Thus I was ultra pleased that my boy JW, aka thee ‘BIG UNIT (Justin Wilson) was on Pole - his second Portland Pole position with Doornbos second. Don’t know where le ‘Hamburgular wound-up which is absolutely FINE with Mwah since it means he AIN’T startin’ up front, as I believe that Rahal out qualified him and I know that  pesky Will Power is up front too...

Having exited Stage Left immediately after the final qualifying session to go get dry ‘N warm, along with having gotten some much needed nourishment, I found it funny to be able to hear racing cars for a further hour (5-6PM) from my room, which is amazing since I’m across the freeway and my hotel room is directly next to the building’s elevator - which makes it extremely easy to locate. Yet I’m amazed with all of the ambient traffic noise I can hear the racecars - which I’m guessing may be the Atlantics?

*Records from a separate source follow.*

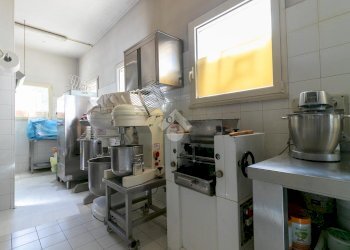 Shop via eugenio bertini, Forlì - photo 14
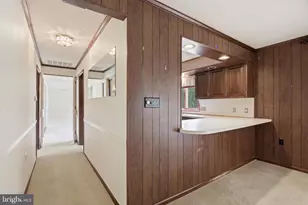11475 Pine Hill Dr, Waynesboro, PA 17268 - Photo 26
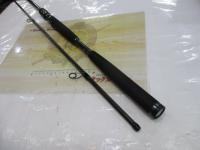 バルバル 99 ジャーキングエディション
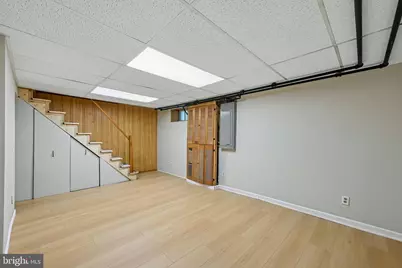 5811 Edmondson Avenue, Catonsville, MD 21228 - Photo 38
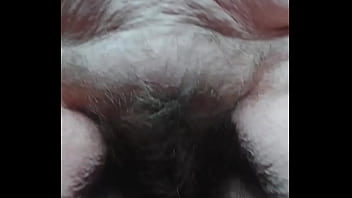 Oma Harige Kut Plast - peeing, old-slut, granny-hairy-pussy, oma-harige-kut - Video 90117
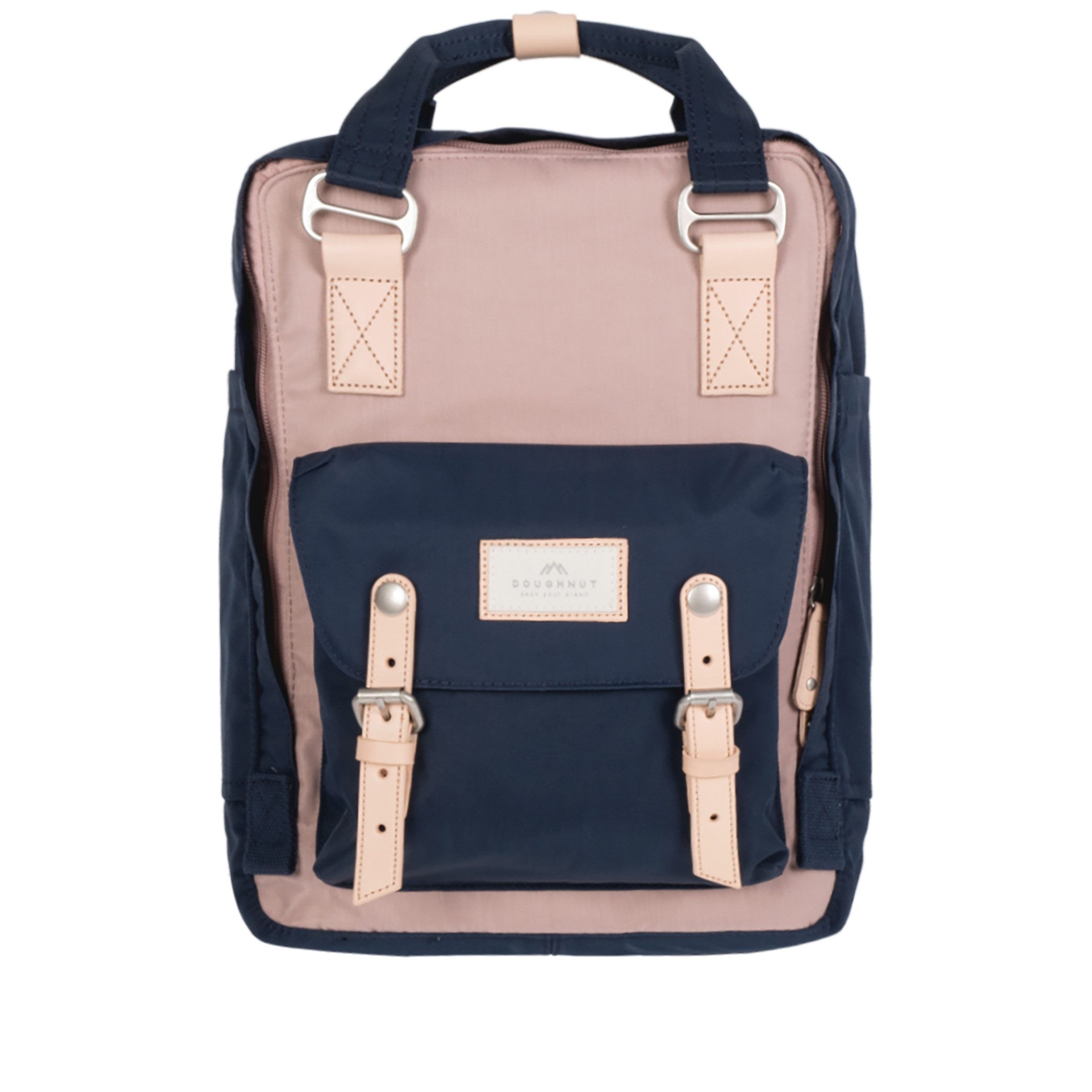 Doughnut Rucksack Macaroon günstig online kaufen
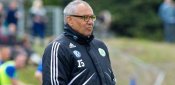 em,euro,2012,ukraine,magath,wolfsburg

Watched the local Channel-8 news which showed how absolutely abysmal the day’s outing was - showed the Alex Figge 360-degree spin I’d witnessed at the chicane. But hey, not only did they show PT going off track but Sebastain Bourdais as well - which means you know it was wet! With Doornbos’s runner-up starting spot being a lap time of 1:12+ which was a full 14-seconds SLOWER than Wilson’s Pole winning lap in the dry the day prior; which emphasizes just how much difference the rain made, while Wilson played it safe and was third quick upon the day.

Caught the lineup which was Wilson & Doornbos on Row-1. Third was Bourdais - BOOOOOOOOO!!! ‘TAG (Alex Tagliani) was fourth, with Will Power fifth, Rahal P8 and Tracy was 13th. They interviewed Wilson who said it was pretty wild in his typical understated British wit. Noting how there was ZERO visibility! Claiming that when he’d try going a little offline down the front straight to gain some much needed visibility he’d immediately be in the puddles and begin aquaplaning; YIKES! And this coming from a BLOODY ‘BRIT used to driving in the RAIN; pretty crazy!

Oh yeah, I seemed to be annoyed with a cool cat named Johnny Unser at the time, as the announcers noted that he’d actually ran a Champ Car - see how that works, as it woulda been CART in 1994, as your humble scribe was there but sure don’t remember NO Johnny Unser racing...

As Johnny said he empathized with the drivers over the torrid conditions as I had NO clue what his role was at the time - just noting he had some sort of connection with Cooper tyres, as I found it funny that we had an Unser and an Andretti on hand, as my program noted that Mario wouldn’t be there until tomorrow...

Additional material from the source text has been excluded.